On August 26, 2010, L'Entrevue de Saint-Cloud was published by Héloïse d'Ormesson. On July 3, 1790, with the monarchy in peril and France's future uncertain, Marie Antoinette granted Mirabeau a secret audience at Saint-Cloud. Will these few covert hours be enough for the libertine Count to reverse the inexorable course of history? Paradoxically, the people's orator, elected by the Estates of the realm, is driven by a single desire: to save the throne. Will the redoubtable tribune use all his eloquence to win the Queen over to his convictions? Harold Cobert imagines what this conversation might have been like. A duel between two worlds, L'Entrevue de Saint-Cloud is a historical novel that shows the fragility of collective destinies. L'Entrevue de Saint-Cloud was published in 2010. It won the Prix du Style 2010 and was included in the “Sélection Cultura Jeunes Talents 2010-2011” and the first selection for the Prix des libraires.

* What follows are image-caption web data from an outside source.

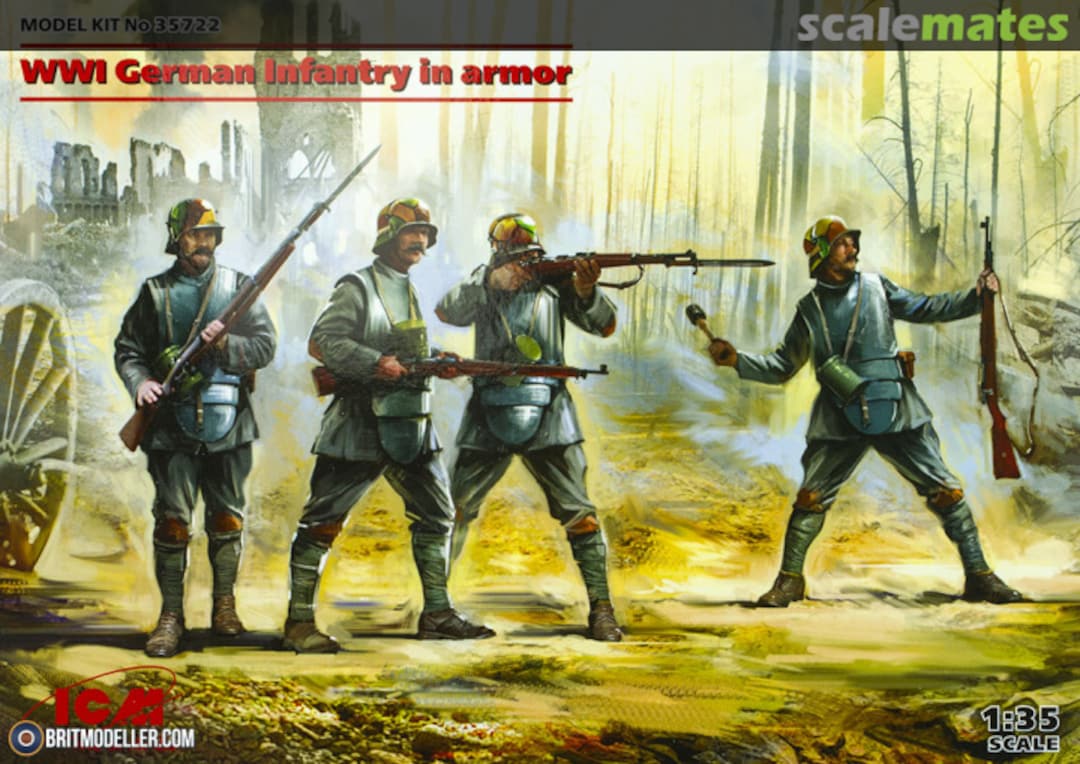 Boxart WWI German Infantry in аrmor 35722 ICM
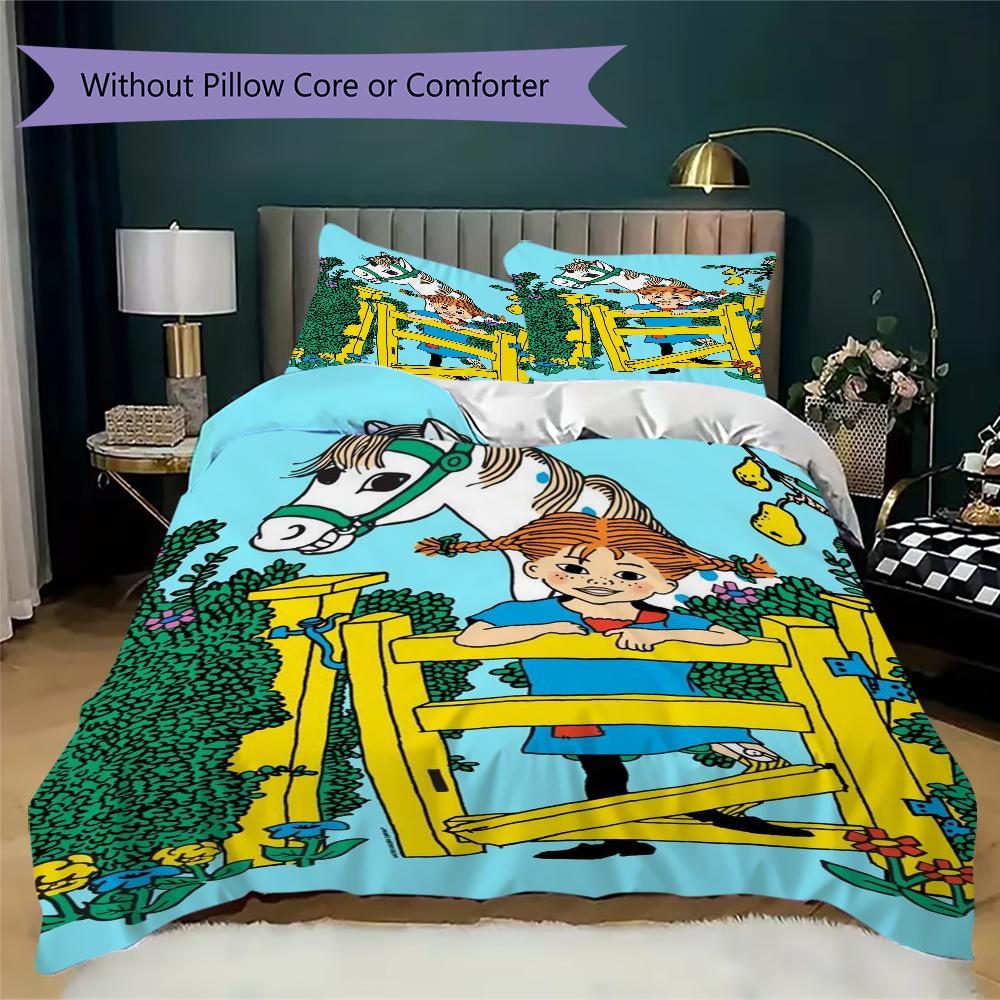Pippi Langstrumpf Pattern Bedding uilt Set uilt Cover Pillowcase Home Decoration Birthday Gift (1*duvet cover + 2*pillowcase without core)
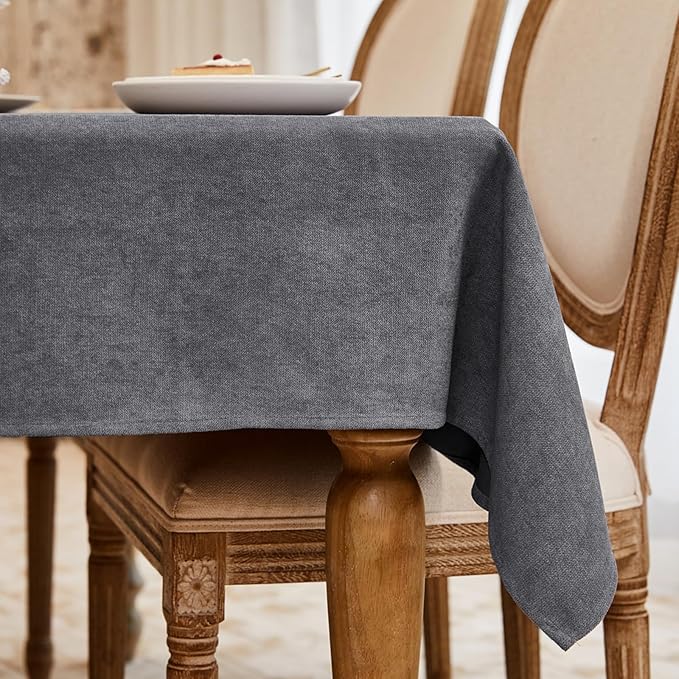 BALCONY & FALCON Rectangle Tablecloth Washable Wrinkle Resistant and Water Proof Table Cloth Decorative Linen Fabric Tablecloths for Dining Parties Kitchen Wedding and Outdoor Use (Gray, 57x85)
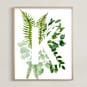 "Floral Monogram K" - Art Print in grass green by Helga Wigandt - Framed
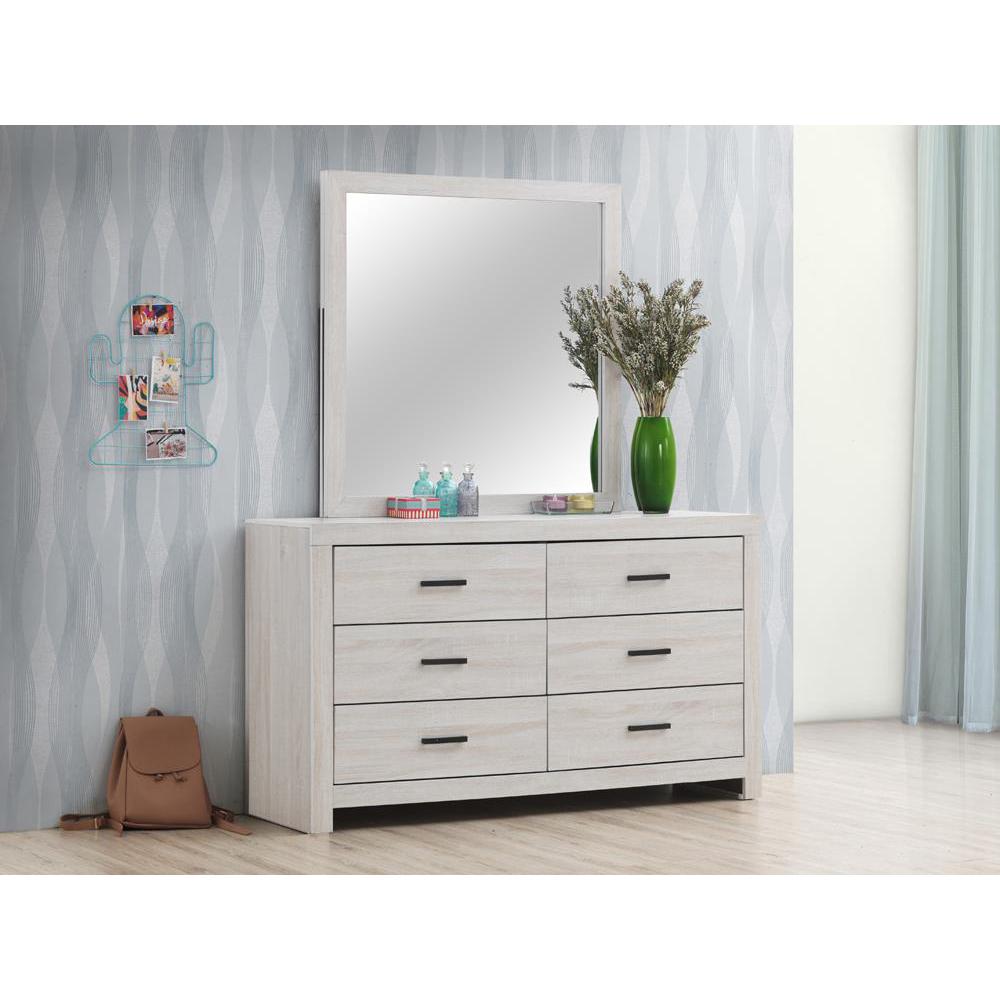 Brantford Rectangle Dresser Mirror Coastal White. Picture 2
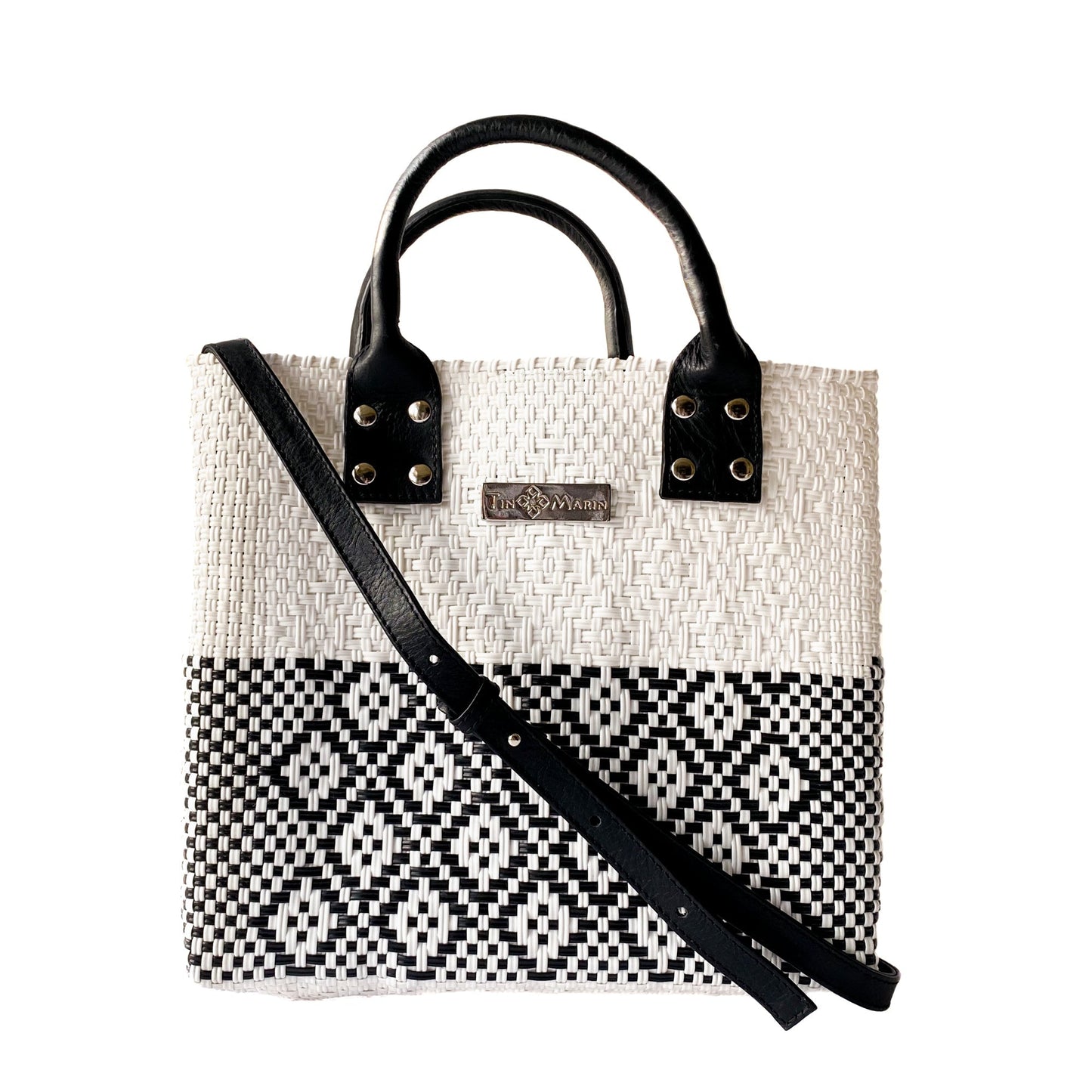 Tin Marin White Large Woven Crossbody Bag with Leather
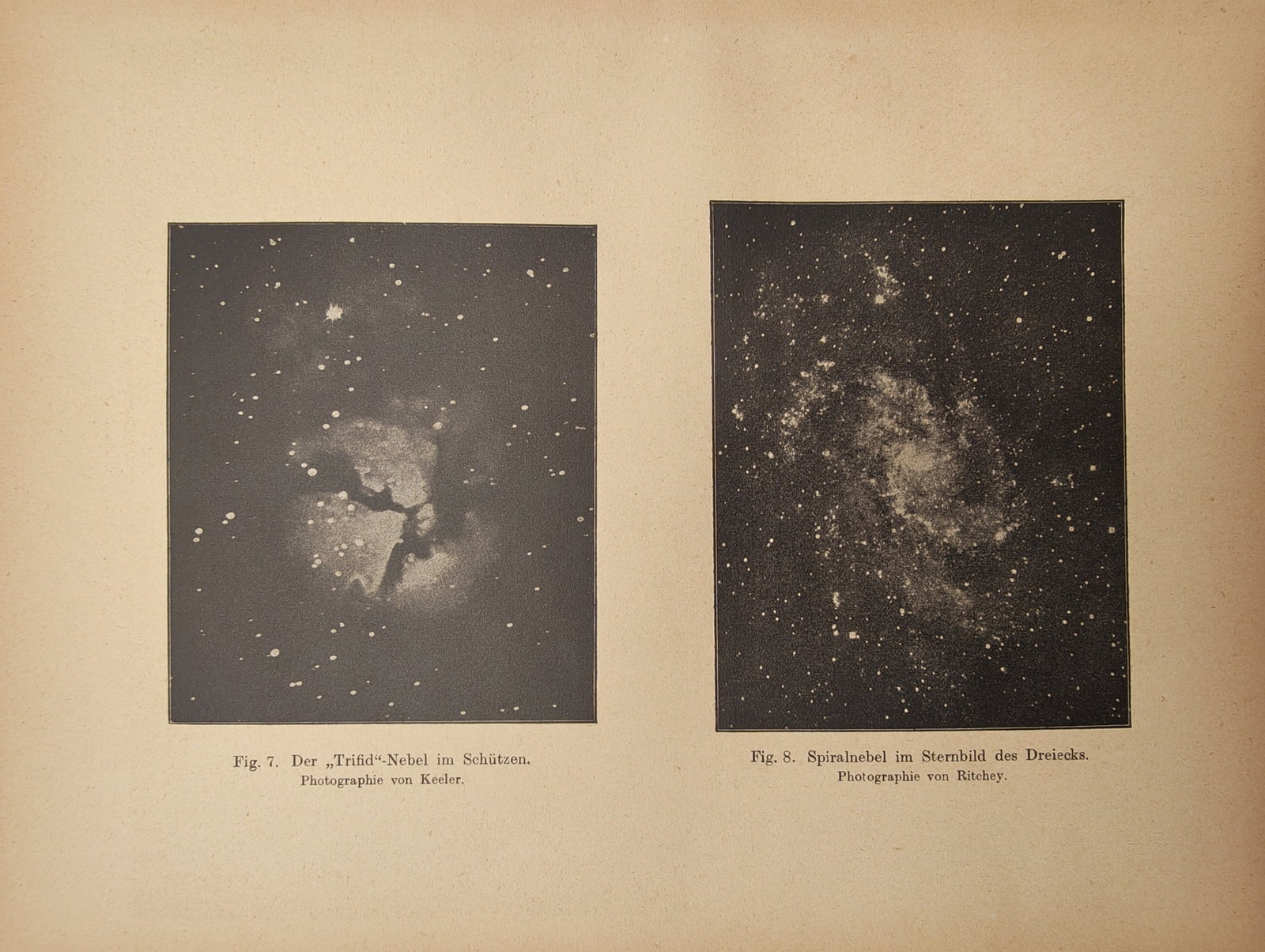 James Edward Keeler – Astronomical Astrophotographs of the Trifid Nebula and Triangulum Spiral: "The 'Trifid' Nebula in Sagittarius; Spiral Nebula in the Constellation Triangulum" presents two landmark astrophotographical plates illustrating the luminous lobes and dark dust lanes of the Trifid N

In March 2012, Dieu surfe au Pays basque was published by Héloïse d'Ormesson, an intimate novel featuring a man's unprecedented perspective on his wife's Miscarriage. Harold Cobert also published a book on Jim Morrison in Paris in 2014. In 2016, he published La Mésange et l'Ogresse, a work of fiction about Monique Olivier, wife of Michel Fourniret. It is based on very real elements, the minutes of the trial and witness accounts.